• EXERCISE INSTRUCTIONS
Begin with the line containing "AB08 TAN Number Plate from New Reg" and reproduce it and all later lines exactly, through the last line of the records. Add nothing else.

Brief descriptive captions:
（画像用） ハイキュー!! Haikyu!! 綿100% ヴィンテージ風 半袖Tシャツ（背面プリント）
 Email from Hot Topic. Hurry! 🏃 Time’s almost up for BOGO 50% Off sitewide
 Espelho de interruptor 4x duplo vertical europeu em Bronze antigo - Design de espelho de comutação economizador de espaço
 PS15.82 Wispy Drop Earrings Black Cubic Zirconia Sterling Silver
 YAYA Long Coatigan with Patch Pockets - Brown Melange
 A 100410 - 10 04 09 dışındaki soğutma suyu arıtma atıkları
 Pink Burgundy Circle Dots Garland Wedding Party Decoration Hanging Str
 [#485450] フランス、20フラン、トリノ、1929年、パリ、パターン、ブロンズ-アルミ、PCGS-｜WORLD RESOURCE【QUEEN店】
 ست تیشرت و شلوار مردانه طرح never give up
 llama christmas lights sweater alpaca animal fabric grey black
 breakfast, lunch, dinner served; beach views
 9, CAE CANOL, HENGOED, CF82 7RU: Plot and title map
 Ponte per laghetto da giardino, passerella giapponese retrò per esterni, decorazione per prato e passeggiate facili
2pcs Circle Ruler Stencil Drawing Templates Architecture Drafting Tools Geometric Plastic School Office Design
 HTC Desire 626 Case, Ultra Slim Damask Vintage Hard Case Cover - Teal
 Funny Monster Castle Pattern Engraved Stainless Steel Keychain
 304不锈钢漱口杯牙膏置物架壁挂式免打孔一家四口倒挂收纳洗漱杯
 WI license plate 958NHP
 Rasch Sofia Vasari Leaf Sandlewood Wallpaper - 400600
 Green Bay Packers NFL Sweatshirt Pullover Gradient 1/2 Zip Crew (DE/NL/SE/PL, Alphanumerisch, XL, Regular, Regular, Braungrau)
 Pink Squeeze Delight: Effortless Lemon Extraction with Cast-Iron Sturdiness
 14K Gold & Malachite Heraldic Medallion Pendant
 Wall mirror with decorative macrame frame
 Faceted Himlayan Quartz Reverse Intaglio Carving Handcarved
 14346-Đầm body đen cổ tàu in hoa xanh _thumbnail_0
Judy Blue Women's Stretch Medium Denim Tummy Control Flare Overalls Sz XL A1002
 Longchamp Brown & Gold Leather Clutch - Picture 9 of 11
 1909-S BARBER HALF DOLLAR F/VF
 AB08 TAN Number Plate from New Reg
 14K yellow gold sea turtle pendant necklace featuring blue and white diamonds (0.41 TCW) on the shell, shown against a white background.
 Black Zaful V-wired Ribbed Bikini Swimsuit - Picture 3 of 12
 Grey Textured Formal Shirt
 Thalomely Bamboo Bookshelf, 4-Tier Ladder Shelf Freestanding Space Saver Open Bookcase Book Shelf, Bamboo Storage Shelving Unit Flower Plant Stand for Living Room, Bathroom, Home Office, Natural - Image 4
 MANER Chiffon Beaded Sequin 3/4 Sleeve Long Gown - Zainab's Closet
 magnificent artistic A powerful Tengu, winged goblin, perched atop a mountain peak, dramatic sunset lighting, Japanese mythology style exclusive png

• SOLUTION TO THE EXERCISE
 AB08 TAN Number Plate from New Reg
 14K yellow gold sea turtle pendant necklace featuring blue and white diamonds (0.41 TCW) on the shell, shown against a white background.
 Black Zaful V-wired Ribbed Bikini Swimsuit - Picture 3 of 12
 Grey Textured Formal Shirt
 Thalomely Bamboo Bookshelf, 4-Tier Ladder Shelf Freestanding Space Saver Open Bookcase Book Shelf, Bamboo Storage Shelving Unit Flower Plant Stand for Living Room, Bathroom, Home Office, Natural - Image 4
 MANER Chiffon Beaded Sequin 3/4 Sleeve Long Gown - Zainab's Closet
 magnificent artistic A powerful Tengu, winged goblin, perched atop a mountain peak, dramatic sunset lighting, Japanese mythology style exclusive png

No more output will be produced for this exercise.